Tuesday, March 15, 2005

Airports official skips through security to catch plane to Mexico 
By Robert Franklin
The Minneapolis (MN) Star Tribune 


This much is not in dispute: Airport commission official Juan Lopez went
through airport security three weeks ago, put his wife on a plane and
returned to a nonsecure area.

Then, running late, he used his employee badge to skip a security check to
catch his own flight to Mexico.

"The badge can only be used for the performance of your job, and it cannot
be used for anybody who is flying" to duck security, said Patrick Hogan,
spokesman for the Metropolitan Airports Commission, which moved to suspend
Lopez's badge privileges. "This is considered a serious violation."

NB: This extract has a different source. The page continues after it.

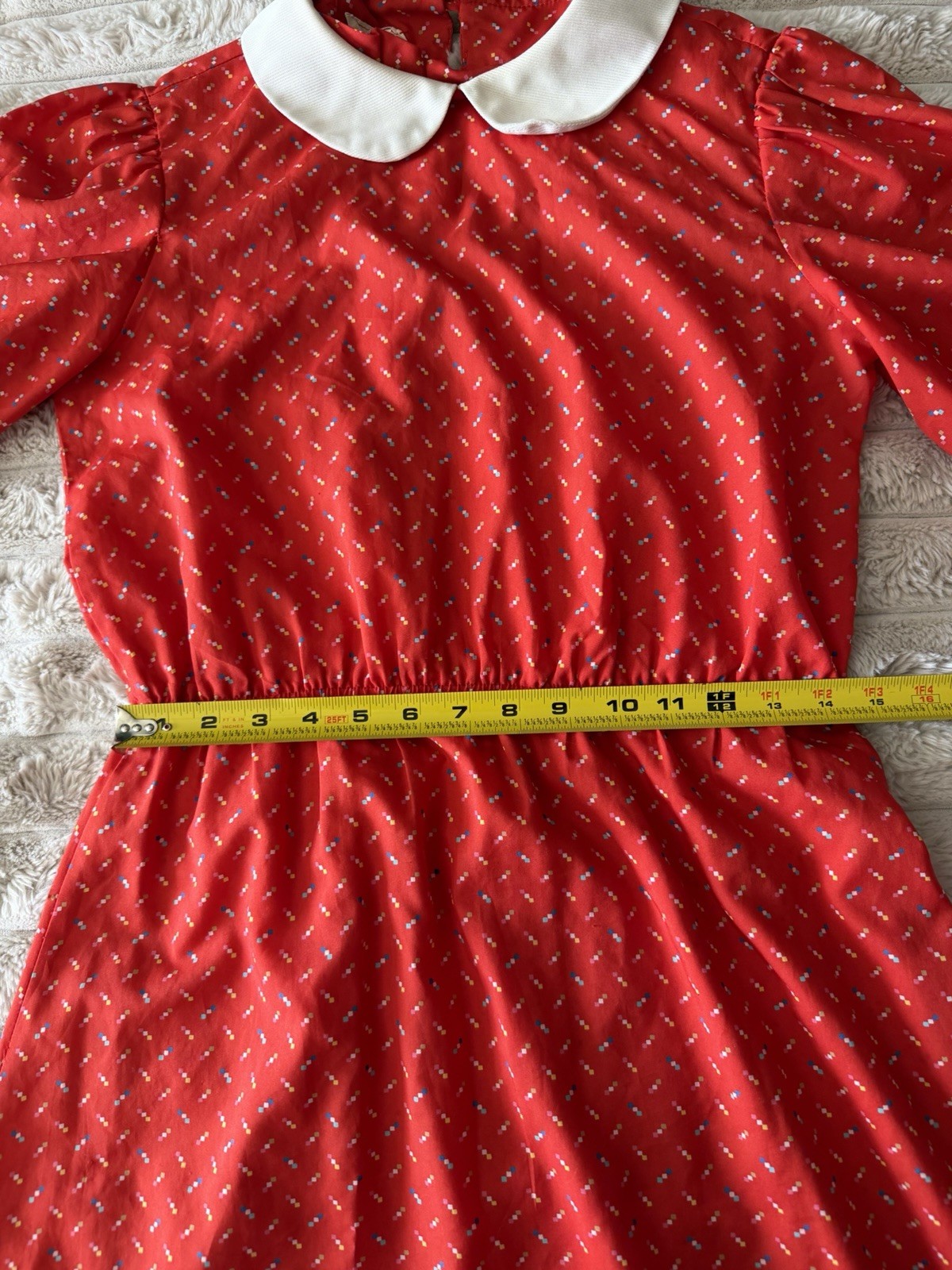 80s Lightweight Red Dress Chipper California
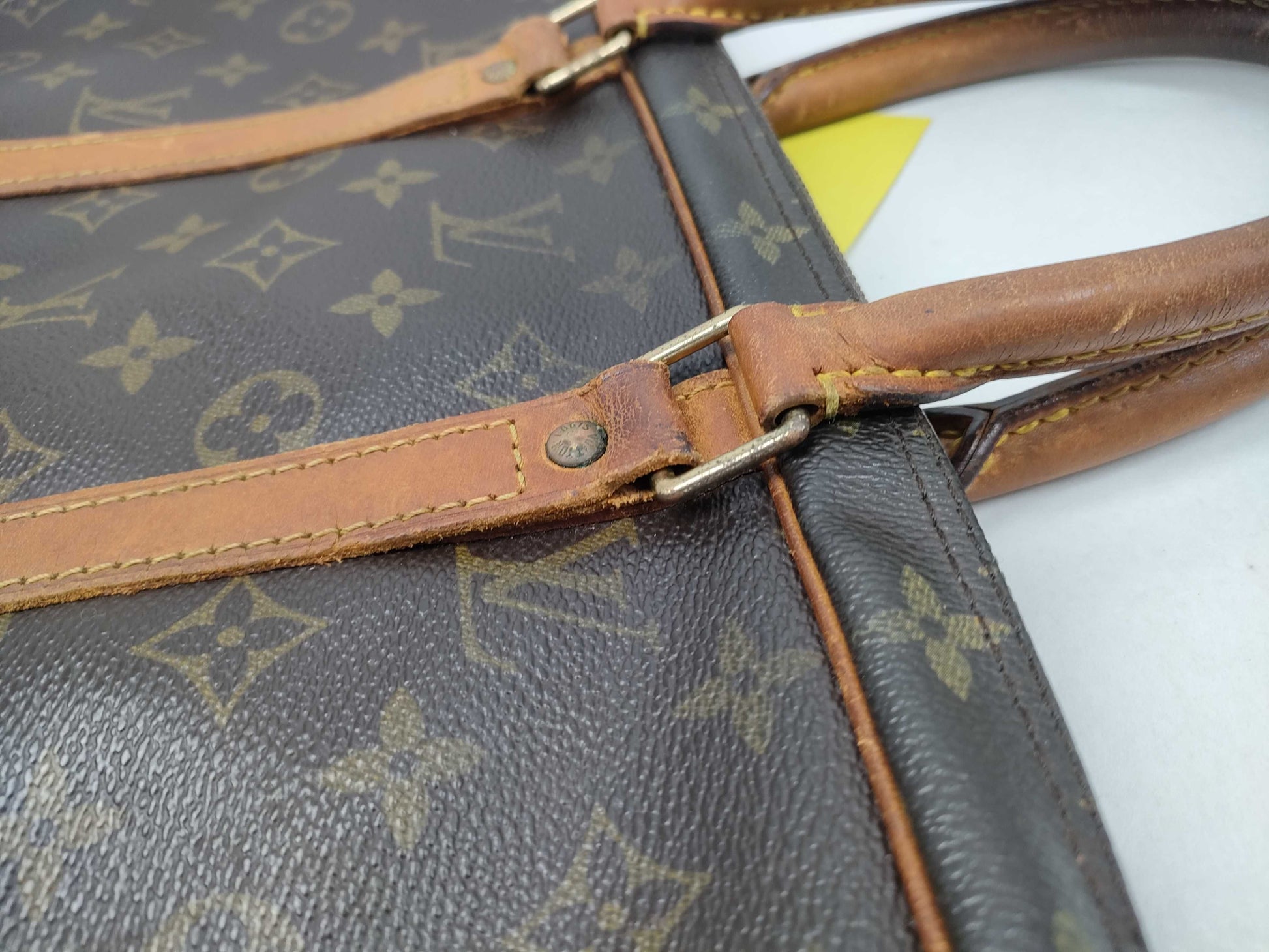 LOUIS VUITTON Monogram Porte Documan Voyage Business Bag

Lopez, MAC's diversity manager, said Monday that what he did was "a rules
violation, but it is an honest mistake. I made the assumption that, because
I am an employee and because I had access, I could use it."

Lopez, who has been with the MAC for a decade, said he used a badge he has
had since December to go through a door into the secure area.

"I am aware of the importance of security," he said. "I'm kind of the
rules-following type of guy."

Hogan said someone saw Lopez get on a plane to Cancun and asked airport
police to check him out. Lopez was interviewed, and he and his bags
underwent a security check in the boarding gate area, then he caught his
flight.

Lopez was charged under an airport ordinance prohibiting any act that
seriously endangers property or people or poses a serious threat to
security, Hogan said. If an airport hearing officer finds him guilty, he
could lose badge privileges for two years, Hogan said.

That also could cost Lopez his job if he needs his badge to get into secure
areas on a regular basis. But Lopez said he does almost all his work out of
MAC's headquarters office away from the terminal.

Hogan said he is aware of fewer than a half-dozen such cases in the past
decade. A Northwest Airlines employee was fired for a similar offense a year
or so ago, he said.

The commission's latest statistics show 335 security violations in 2003,
some for lesser infractions such as holding a door open for a co-worker to
follow through without swiping his or her own badge in a card reader, Hogan
said. "The vast majority were not [for] getting on an airplane without
security."

All commission, airline and concession workers who wear badges undergo
background checks and fingerprinting, so Lopez is "not an unknown quantity,"
he said. "Still, federal law says he has to be screened before he gets on a
plane."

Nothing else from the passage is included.